» **YOUR TASK**
Every line of the material that mentions the word "Label" should be copied out.

BEGIN

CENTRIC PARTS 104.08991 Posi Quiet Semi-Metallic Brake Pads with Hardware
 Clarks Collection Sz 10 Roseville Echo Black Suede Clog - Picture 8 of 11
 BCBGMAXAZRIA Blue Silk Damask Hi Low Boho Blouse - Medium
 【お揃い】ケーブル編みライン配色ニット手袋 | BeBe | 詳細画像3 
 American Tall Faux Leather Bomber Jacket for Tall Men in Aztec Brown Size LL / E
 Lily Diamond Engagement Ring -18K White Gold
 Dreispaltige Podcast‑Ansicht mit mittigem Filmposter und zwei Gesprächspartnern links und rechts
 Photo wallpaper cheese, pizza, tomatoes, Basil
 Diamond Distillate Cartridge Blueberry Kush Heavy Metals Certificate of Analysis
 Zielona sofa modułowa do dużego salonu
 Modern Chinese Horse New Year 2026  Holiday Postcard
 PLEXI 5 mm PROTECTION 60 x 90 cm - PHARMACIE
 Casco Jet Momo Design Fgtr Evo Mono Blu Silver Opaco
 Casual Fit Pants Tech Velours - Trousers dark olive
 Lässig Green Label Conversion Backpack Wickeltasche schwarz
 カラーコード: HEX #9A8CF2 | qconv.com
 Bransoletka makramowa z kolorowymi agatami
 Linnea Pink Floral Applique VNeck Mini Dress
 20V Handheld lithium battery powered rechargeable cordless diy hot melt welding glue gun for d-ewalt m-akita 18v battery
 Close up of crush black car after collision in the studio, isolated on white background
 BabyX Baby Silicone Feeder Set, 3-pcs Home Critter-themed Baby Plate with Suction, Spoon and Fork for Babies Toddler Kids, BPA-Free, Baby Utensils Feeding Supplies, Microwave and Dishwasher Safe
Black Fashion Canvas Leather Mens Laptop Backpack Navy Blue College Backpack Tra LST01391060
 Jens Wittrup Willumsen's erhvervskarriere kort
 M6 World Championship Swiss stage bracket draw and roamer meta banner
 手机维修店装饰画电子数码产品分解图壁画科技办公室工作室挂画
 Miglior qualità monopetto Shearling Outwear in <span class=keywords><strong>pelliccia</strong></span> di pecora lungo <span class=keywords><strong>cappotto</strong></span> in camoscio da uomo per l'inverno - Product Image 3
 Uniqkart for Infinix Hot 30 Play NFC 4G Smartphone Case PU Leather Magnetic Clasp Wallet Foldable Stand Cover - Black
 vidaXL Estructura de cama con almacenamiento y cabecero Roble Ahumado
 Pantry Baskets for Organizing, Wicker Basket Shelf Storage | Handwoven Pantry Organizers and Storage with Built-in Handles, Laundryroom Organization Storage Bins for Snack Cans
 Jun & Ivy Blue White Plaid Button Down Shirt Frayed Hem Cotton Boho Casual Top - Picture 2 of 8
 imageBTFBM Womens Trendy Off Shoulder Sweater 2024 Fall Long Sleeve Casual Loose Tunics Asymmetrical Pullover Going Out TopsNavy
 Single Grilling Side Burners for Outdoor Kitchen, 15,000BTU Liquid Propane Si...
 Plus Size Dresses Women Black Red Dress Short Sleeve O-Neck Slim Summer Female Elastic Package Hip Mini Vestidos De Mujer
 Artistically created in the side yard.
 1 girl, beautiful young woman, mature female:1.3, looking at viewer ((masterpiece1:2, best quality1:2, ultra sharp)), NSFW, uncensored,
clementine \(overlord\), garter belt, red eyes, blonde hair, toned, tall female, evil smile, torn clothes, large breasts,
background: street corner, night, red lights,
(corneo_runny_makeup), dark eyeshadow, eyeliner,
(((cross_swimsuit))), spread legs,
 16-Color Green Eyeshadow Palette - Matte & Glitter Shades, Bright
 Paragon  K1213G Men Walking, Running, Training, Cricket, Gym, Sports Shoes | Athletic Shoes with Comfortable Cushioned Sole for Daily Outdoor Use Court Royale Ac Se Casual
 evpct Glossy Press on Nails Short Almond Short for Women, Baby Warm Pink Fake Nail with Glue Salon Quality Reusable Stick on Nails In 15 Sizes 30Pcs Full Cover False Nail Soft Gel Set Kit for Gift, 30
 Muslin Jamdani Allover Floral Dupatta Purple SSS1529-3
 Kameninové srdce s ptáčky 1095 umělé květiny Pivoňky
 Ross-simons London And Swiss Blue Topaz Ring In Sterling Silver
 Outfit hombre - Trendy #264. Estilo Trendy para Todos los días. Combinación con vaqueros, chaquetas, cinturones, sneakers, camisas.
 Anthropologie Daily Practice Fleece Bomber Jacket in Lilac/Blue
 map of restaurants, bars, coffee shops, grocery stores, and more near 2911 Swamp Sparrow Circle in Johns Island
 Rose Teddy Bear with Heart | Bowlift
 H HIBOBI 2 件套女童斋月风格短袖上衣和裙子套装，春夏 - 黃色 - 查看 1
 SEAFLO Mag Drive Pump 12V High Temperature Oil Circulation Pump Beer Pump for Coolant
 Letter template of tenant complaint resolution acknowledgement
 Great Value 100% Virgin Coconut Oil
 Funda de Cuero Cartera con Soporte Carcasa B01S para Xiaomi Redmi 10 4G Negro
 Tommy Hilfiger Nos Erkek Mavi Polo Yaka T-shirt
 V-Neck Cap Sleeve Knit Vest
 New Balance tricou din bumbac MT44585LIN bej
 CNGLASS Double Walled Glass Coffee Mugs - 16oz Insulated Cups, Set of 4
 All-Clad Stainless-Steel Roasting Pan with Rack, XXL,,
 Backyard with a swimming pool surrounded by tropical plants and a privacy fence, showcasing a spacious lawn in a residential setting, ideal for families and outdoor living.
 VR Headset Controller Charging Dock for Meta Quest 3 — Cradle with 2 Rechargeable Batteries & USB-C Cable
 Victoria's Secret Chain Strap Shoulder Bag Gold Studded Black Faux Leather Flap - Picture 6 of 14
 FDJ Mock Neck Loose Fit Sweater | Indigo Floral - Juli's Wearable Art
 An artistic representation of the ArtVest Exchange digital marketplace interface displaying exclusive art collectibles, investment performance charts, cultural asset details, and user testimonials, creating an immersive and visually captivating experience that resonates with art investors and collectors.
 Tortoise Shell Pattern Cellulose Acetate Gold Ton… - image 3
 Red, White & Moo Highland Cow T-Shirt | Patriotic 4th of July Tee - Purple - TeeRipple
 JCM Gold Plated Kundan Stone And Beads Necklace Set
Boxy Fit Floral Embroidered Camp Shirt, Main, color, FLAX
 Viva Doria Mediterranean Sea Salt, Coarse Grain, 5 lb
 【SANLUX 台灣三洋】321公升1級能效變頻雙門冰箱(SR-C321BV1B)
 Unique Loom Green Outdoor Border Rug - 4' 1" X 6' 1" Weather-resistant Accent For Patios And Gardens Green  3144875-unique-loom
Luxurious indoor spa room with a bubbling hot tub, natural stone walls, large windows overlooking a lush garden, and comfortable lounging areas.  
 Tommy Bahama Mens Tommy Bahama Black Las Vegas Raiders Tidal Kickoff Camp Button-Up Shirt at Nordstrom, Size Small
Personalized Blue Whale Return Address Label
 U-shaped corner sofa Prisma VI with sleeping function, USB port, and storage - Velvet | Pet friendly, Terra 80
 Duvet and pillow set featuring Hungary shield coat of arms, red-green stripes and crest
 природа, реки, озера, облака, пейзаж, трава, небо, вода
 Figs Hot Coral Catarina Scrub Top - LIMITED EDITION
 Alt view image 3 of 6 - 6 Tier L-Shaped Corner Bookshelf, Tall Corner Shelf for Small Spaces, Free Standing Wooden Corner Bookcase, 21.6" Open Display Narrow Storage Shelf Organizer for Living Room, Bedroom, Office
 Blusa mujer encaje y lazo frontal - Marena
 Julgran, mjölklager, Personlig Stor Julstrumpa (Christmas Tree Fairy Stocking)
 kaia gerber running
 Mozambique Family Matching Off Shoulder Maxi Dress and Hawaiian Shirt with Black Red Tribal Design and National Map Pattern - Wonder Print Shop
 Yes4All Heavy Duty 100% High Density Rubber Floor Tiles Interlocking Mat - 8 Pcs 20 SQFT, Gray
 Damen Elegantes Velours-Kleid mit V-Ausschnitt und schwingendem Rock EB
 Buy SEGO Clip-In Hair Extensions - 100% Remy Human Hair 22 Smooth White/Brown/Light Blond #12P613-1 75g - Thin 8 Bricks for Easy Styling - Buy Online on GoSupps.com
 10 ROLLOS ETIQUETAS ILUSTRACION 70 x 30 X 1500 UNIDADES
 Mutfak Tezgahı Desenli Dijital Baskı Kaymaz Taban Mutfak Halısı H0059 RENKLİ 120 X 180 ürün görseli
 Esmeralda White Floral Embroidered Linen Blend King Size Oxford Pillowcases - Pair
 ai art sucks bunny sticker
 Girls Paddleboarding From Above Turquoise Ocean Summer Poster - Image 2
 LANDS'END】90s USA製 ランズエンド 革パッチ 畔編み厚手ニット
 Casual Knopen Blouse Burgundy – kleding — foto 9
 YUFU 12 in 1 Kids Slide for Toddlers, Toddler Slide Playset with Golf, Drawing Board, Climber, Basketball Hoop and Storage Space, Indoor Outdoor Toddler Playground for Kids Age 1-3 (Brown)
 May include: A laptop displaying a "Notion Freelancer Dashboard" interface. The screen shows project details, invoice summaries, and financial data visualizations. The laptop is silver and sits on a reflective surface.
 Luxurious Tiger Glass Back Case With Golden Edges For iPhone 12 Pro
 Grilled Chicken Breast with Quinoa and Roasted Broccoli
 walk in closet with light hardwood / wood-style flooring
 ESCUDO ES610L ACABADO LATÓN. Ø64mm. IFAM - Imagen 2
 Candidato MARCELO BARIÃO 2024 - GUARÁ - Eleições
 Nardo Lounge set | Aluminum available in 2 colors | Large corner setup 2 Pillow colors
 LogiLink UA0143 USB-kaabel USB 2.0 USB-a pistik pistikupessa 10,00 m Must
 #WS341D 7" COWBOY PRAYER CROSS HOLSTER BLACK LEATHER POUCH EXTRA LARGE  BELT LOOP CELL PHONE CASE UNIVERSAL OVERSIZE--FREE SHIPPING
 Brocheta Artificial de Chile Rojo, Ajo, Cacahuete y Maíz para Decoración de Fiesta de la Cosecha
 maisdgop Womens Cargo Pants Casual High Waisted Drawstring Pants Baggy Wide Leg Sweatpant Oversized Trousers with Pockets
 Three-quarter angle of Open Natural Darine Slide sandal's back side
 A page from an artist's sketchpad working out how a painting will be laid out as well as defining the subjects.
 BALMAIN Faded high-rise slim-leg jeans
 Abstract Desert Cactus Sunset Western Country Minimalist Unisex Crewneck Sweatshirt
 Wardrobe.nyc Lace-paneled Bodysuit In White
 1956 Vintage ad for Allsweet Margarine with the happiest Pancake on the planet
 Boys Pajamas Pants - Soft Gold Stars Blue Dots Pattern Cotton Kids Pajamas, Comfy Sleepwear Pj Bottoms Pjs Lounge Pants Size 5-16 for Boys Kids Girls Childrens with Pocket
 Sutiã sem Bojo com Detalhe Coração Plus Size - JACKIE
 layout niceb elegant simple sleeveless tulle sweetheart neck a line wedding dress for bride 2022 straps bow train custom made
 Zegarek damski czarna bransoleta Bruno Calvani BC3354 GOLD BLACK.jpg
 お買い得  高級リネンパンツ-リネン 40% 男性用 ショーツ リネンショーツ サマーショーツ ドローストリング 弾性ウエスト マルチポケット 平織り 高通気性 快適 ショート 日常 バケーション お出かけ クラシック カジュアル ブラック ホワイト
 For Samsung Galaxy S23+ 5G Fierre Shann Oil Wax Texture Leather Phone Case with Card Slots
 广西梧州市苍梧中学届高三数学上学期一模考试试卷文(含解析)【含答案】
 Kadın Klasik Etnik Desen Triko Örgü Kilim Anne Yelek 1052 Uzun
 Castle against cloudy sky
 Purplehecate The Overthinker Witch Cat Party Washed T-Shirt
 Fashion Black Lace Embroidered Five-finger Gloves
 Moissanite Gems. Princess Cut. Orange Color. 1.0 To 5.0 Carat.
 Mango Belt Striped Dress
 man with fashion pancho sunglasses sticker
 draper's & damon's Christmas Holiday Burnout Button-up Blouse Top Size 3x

END

» **THE ANSWER**
 Lässig Green Label Conversion Backpack Wickeltasche schwarz
Personalized Blue Whale Return Address Label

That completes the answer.